# LELA60001  Intro to text processing in Python
## What is Python?

When we talk about data in computational/corpus linguistics we usually mean text data or audio files. While this data is meaningful to us, to the computer data is always just sequences of numbers. So to a computer the character i is 1101001. Fortunately, we never have to engage with this numeric representation - we can input an i into a computer and it will be converted into the computer's language for us.

A similar situation arises with the instructions that a computer applies to data. The instructions that the computer sees are in a purely numeric format known as machine code. Fortunately, we as users do not need to engage with machine code. Instead, we use what is known as a programming language. This is a much easier to read and write language that we input and which is converted to machine code for us.

The programming language we will employ for this is called Python.

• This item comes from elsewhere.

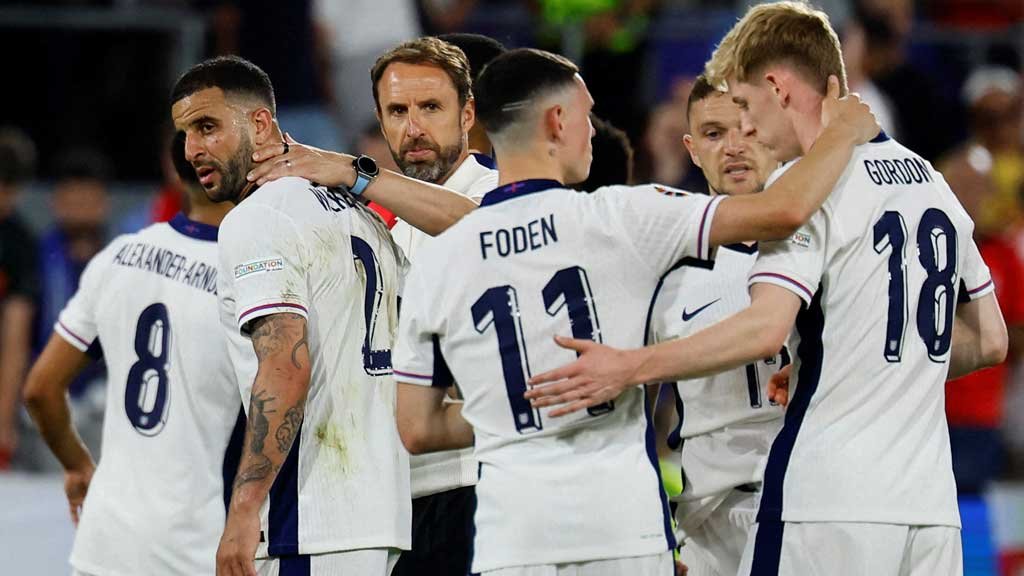 Southgate asks fans to back his players after another poor performance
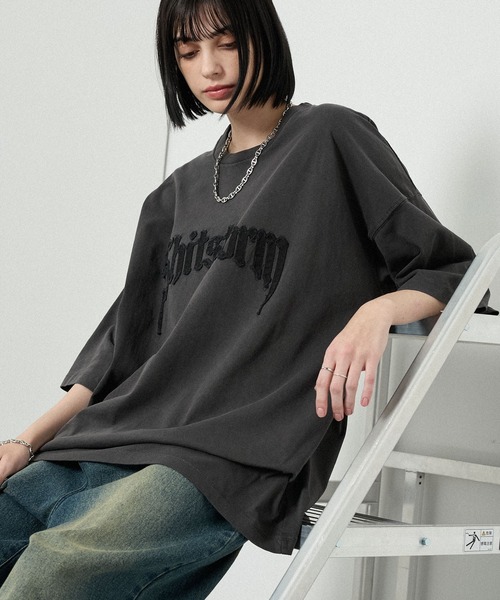 tシャツ 「Alfred Alex」ヴィンテージ加工ピグメントロゴパッチTシャツ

## Variables and datatypes
Data in Python programs is manipulated using variables. A variable is like a box in which you can store information of any kind. You assign data to variables using the assignment operator =. For example you can store the number 10 as the variable i as follows:

In [None]:
i = 5

Once stored these variables can be manipulated, for example using the standard mathematical operators for addition "+", subtraction "-", multiplication "*" and division "/". For example:

In [None]:
i+1*3/2

Data in Python has different types. i, as a whole number, is an integer, or int. The output from the operations above, since it contains a decimal point is a floating point number or float. There are other types of numbers in Python but it is these two you will work with most.

Variables can also be used to store a letter or a sequence of letters, known as a string:

In [None]:
j = "My name is "

The strings can be combined using the "+" symbol which when applied to strings functions as a concatenation operator:

In [None]:
k = j + "Jude Bellingham"

Once you have stored information in a variable, you can print it as follows:

In [None]:
print(k)

You can also print a series of variables as follows:

In [None]:
print(j + "Jude Bellingham")

The print function however expects all variables that are concatenated in this way to be of the same data type, so if you mix them you will get an error message

In [None]:
print(k + " and my shirt number is " + i)

You can avoid this by explicitly converting the type of your variables as in the follows. To change an object stored in a variable x to an int or a float you would write int(x) or float(x) respectively.

In [None]:
print(k + " and my shirt number is " + str(i))

Exercise: Add to the code above so that it prints the statement "My name is Jude Bellingham and shirt number is 5 for Real Madrid but 22 for England".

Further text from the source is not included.